Olivia prese posizione dietro il fucile, con movimenti calmi e quasi meccanici. Non perse tempo a regolare il mirino, niente tiri di prova, niente prove del vento. Semplicemente prese la mira, respirò e sparò.

Cinque colpi, cinque centri perfetti, tutti perfettamente centrati. Nessuna esitazione tra un colpo e l’altro, nessuna regolazione del mirino, nessuno sforzo visibile. Solo una fredda precisione meccanica che ha lasciato tutti a bocca aperta.

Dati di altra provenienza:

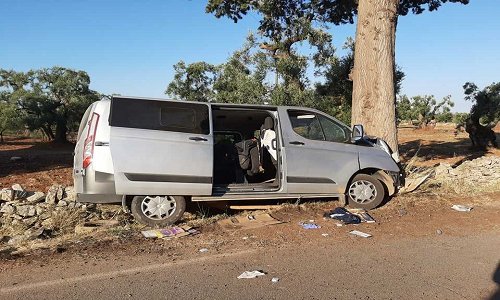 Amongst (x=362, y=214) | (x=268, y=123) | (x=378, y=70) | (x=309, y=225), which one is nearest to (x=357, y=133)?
(x=362, y=214)

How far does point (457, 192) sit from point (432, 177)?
85cm

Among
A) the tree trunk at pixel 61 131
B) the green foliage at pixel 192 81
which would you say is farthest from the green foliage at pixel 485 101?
the tree trunk at pixel 61 131

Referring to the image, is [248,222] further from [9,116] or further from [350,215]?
[9,116]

Il poligono di tiro guardò il display del bersaglio, poi Olivia, poi di nuovo il display, come se i suoi occhi lo stessero ingannando. “Mitchell”, chiamò, la sua voce risuonò nel campo improvvisamente silenzioso. “Punteggio perfetto.”

Un colonnello che aveva osservato l’esercitazione da lontano, un uomo anziano con i capelli grigio acciaio e il petto ornato di nastri, si sporse in avanti con rinnovato interesse. “Chi l’ha addestrata?” borbottò al suo aiutante, con voce appena udibile ma intrisa di urgenza.

L’assistente scosse la testa. “Non ci sono informazioni nel suo fascicolo, signore. Ma quell’operazione con il trattore? Non si impara nell’addestramento civile.”

Lance sentì la conversazione e alzò gli occhi al cielo in modo teatrale. “Ottimi colpi”, disse, abbastanza forte da farsi sentire da Olivia. “Vediamola fare qualcosa di davvero importante.”

Ma durante il controllo obbligatorio dell’equipaggiamento che seguiva l’esercitazione di tiro, il ranger scoprì qualcosa che gli diede i brividi. Il fucile di Olivia aveva un mirino mal regolato: un difetto così sottile che nessuno se n’era accorto, eppure così grave che avrebbe dovuto rendere impossibile sparare con precisione.

Aveva compensato perfettamente la mancanza aggiustando la mira, basandosi esclusivamente sulla memoria muscolare e sull’istinto. L’ufficiale scosse la testa e mormorò tra sé: “Questa non è fortuna. Questa è pura abilità”.

L’incidente in sala da pranzo la sera successiva fu il culmine di giorni di tensione crescente. Olivia era l’ultima in fila per la cena e, quando arrivò al tavolo, il cibo era già finito.